> _WHAT IS EXPECTED_
Word for word, restate the entries below and exclude every image.

:: DATASET EXCERPTS ::

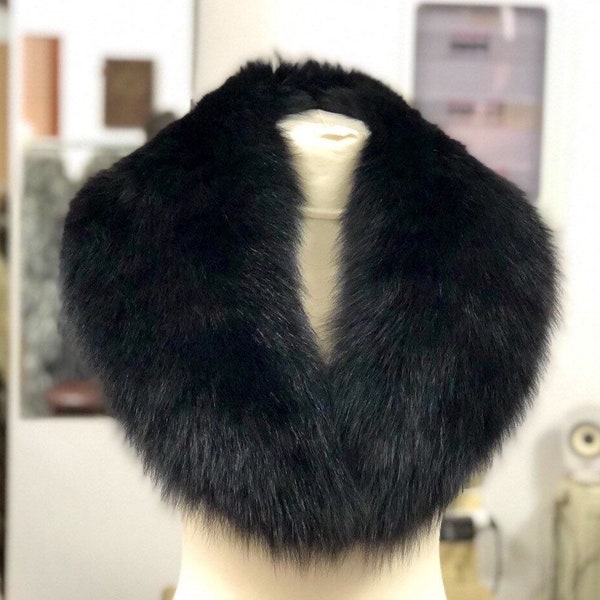 Fezilia Bogas Black Natural Fur Collar main image 0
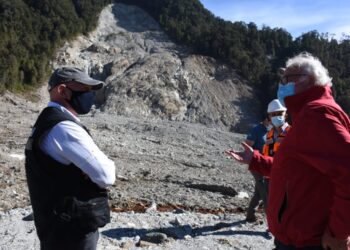 Visitan avance de importantes obras de conectividad para la provincia de Palena.
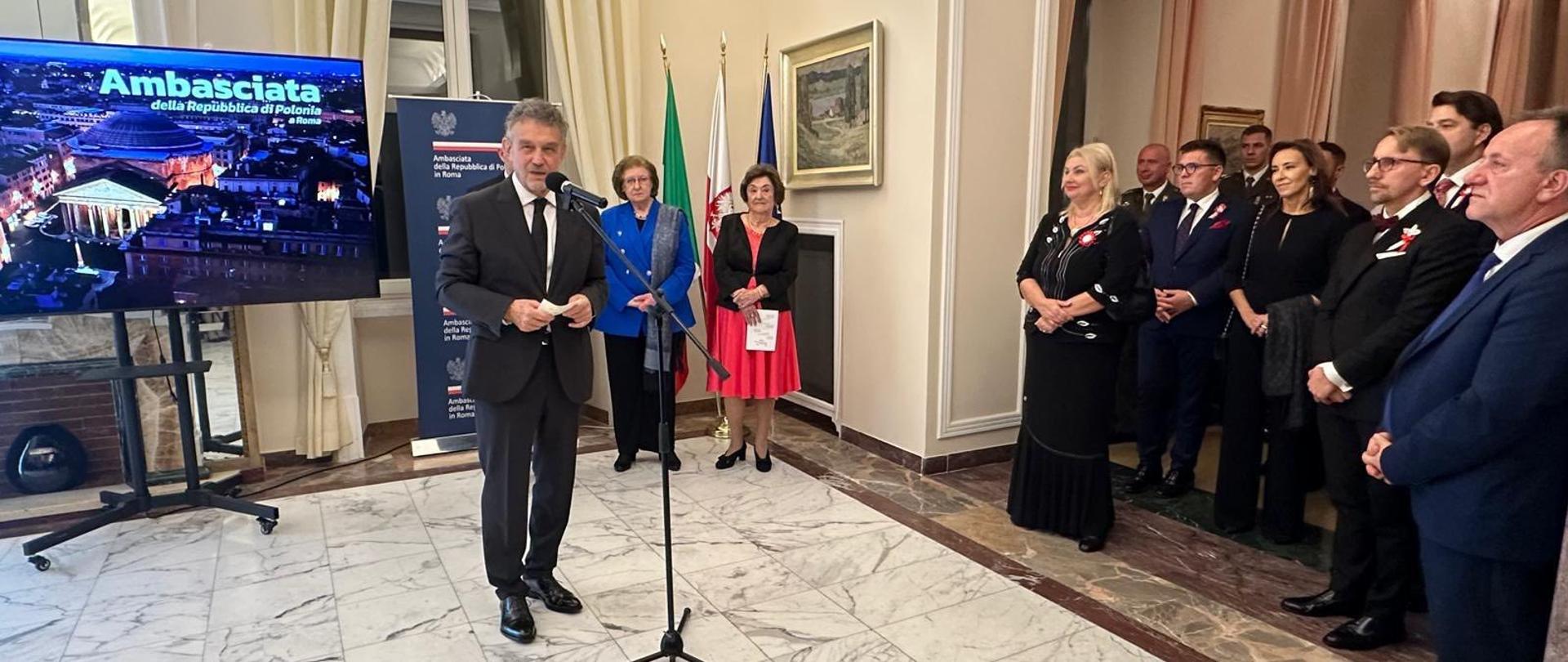 Narodowe Święto Niepodległości 2025. Zdjęcie przedstawia ambasadora Ryszarda Schnepfa przemawiającego do gości. Za nim stoją była premier Hanna Suchocka, przewodnicząca Związku Polaków we Włoszech Urszula Stefańska Andreini i marszałek Województwa Kujawsko - Pomorskiego Piotr Całbecki.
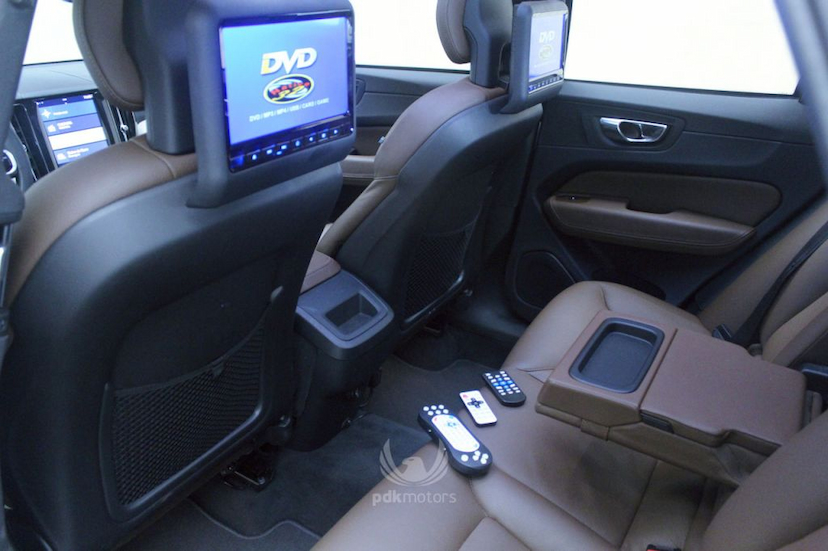 Foto do veículo VOLVO  XC60 T5 INSCRIPTION 2018 21.215 KM 259.000,00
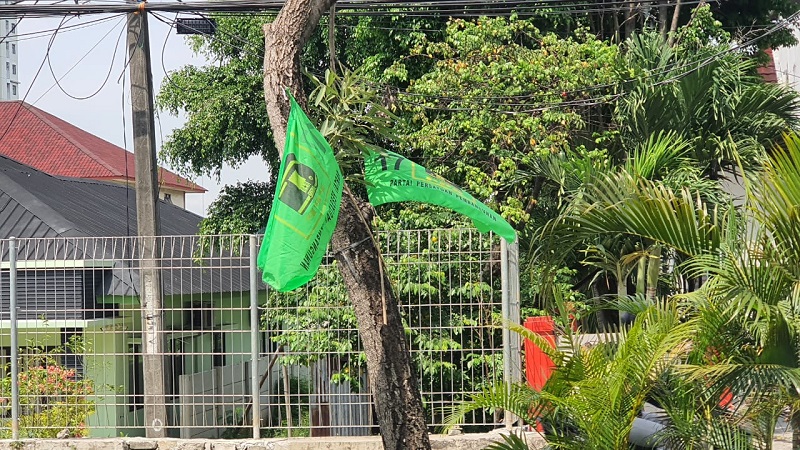 Pemkot Bekasi Bakal Copoti Bendera Parpol yang Dipasang Sembarangan di Batang Pohon Pinggir Jalan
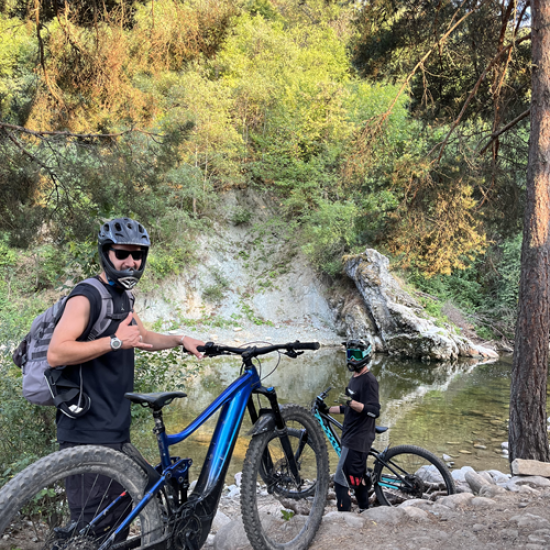 Опитайте нещо екстремно и различно с Двучасов тур с ел. колело за един край Боровец от Makaroon Опитайте нещо екстремно и различно с Двучасов тур с ел. колело за един край Боровец от Makaroon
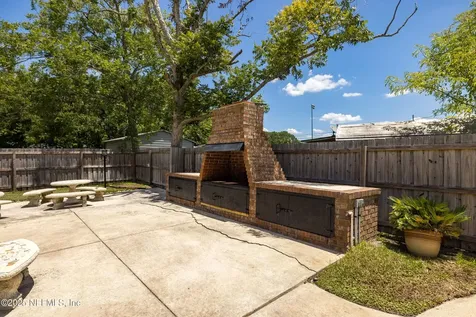 2812 Henrietta Street Jacksonville FL 32209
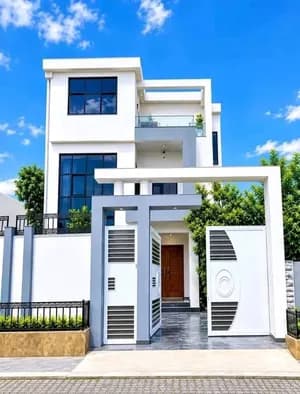 Modern 6 Bedroom House for Sale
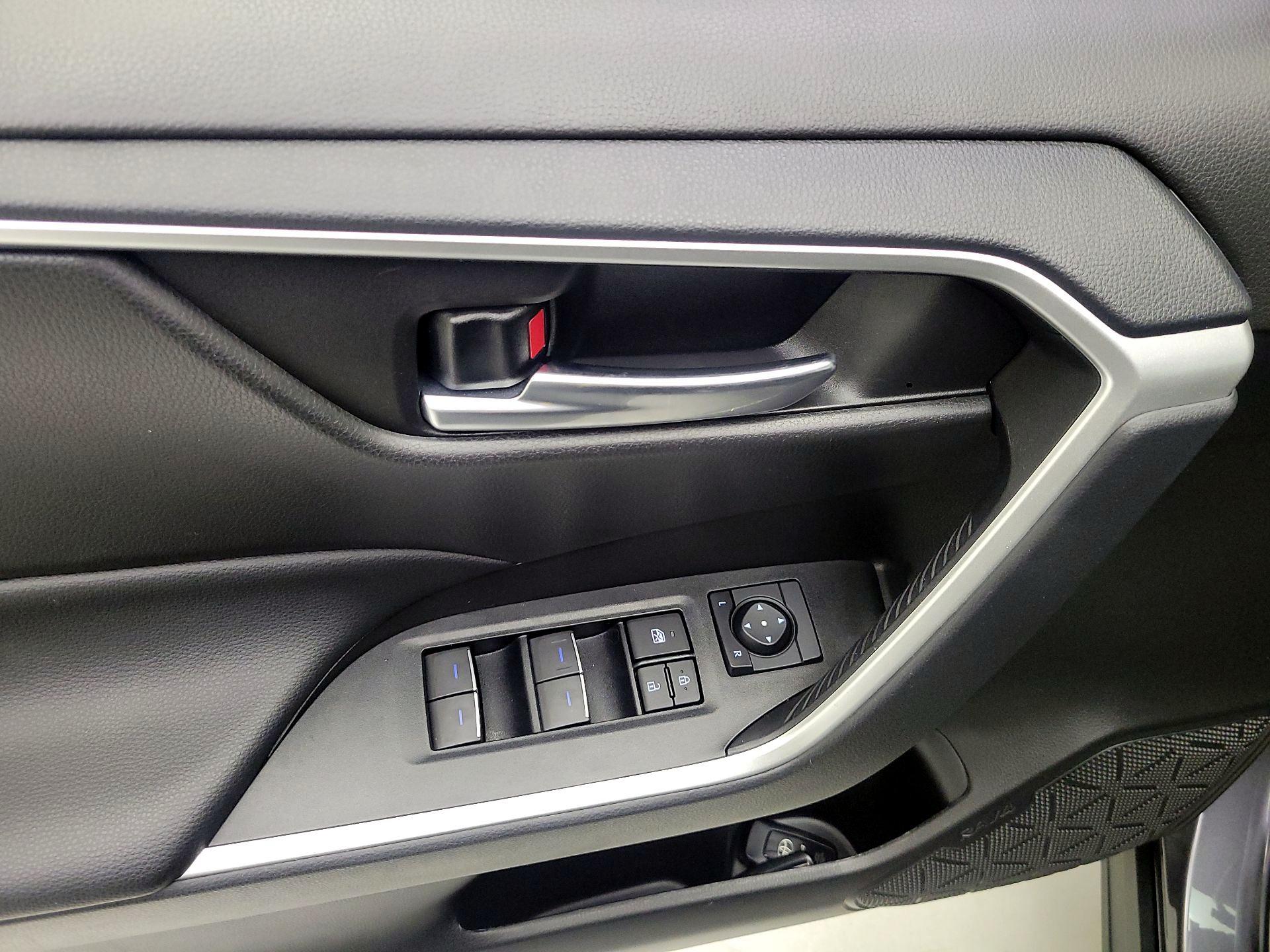 Thumbnail: 2022 Toyota RAV4 - 10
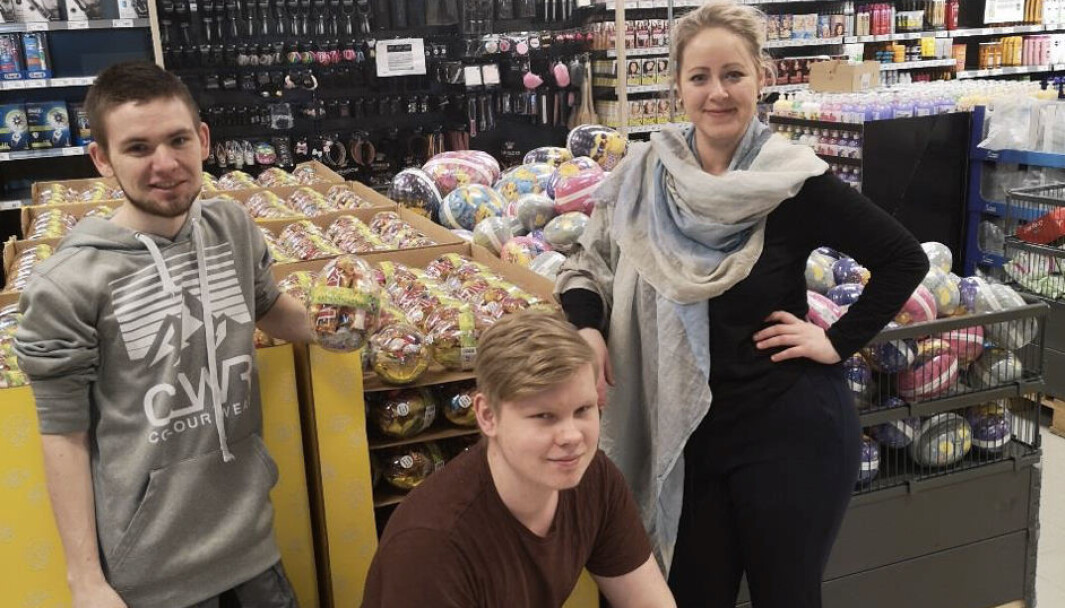 F.v. Odd Jone Torkildsen, Runar Helleland og butikksjef Gunn Bente Voster. F.v. Odd Jone Torkildsen, Runar Helleland og butikksjef Gunn Bente Voster.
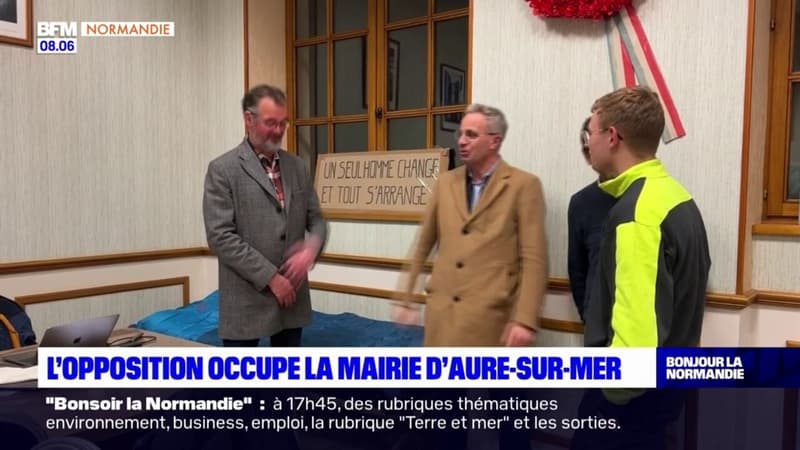 Aure-sur-Mer: l'opposition occupe la mairie de Sainte-Honorine-des-Pertes pour protester contre le maire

:::

> _EXERCISE RESPONSE_
 Fezilia Bogas Black Natural Fur Collar main image 0
 Visitan avance de importantes obras de conectividad para la provincia de Palena.
 Narodowe Święto Niepodległości 2025. Zdjęcie przedstawia ambasadora Ryszarda Schnepfa przemawiającego do gości. Za nim stoją była premier Hanna Suchocka, przewodnicząca Związku Polaków we Włoszech Urszula Stefańska Andreini i marszałek Województwa Kujawsko - Pomorskiego Piotr Całbecki.
 Foto do veículo VOLVO  XC60 T5 INSCRIPTION 2018 21.215 KM 259.000,00
 Pemkot Bekasi Bakal Copoti Bendera Parpol yang Dipasang Sembarangan di Batang Pohon Pinggir Jalan
 Опитайте нещо екстремно и различно с Двучасов тур с ел. колело за един край Боровец от Makaroon Опитайте нещо екстремно и различно с Двучасов тур с ел. колело за един край Боровец от Makaroon
 2812 Henrietta Street Jacksonville FL 32209
 Modern 6 Bedroom House for Sale
 Thumbnail: 2022 Toyota RAV4 - 10
 F.v. Odd Jone Torkildsen, Runar Helleland og butikksjef Gunn Bente Voster. F.v. Odd Jone Torkildsen, Runar Helleland og butikksjef Gunn Bente Voster.
 Aure-sur-Mer: l'opposition occupe la mairie de Sainte-Honorine-des-Pertes pour protester contre le maire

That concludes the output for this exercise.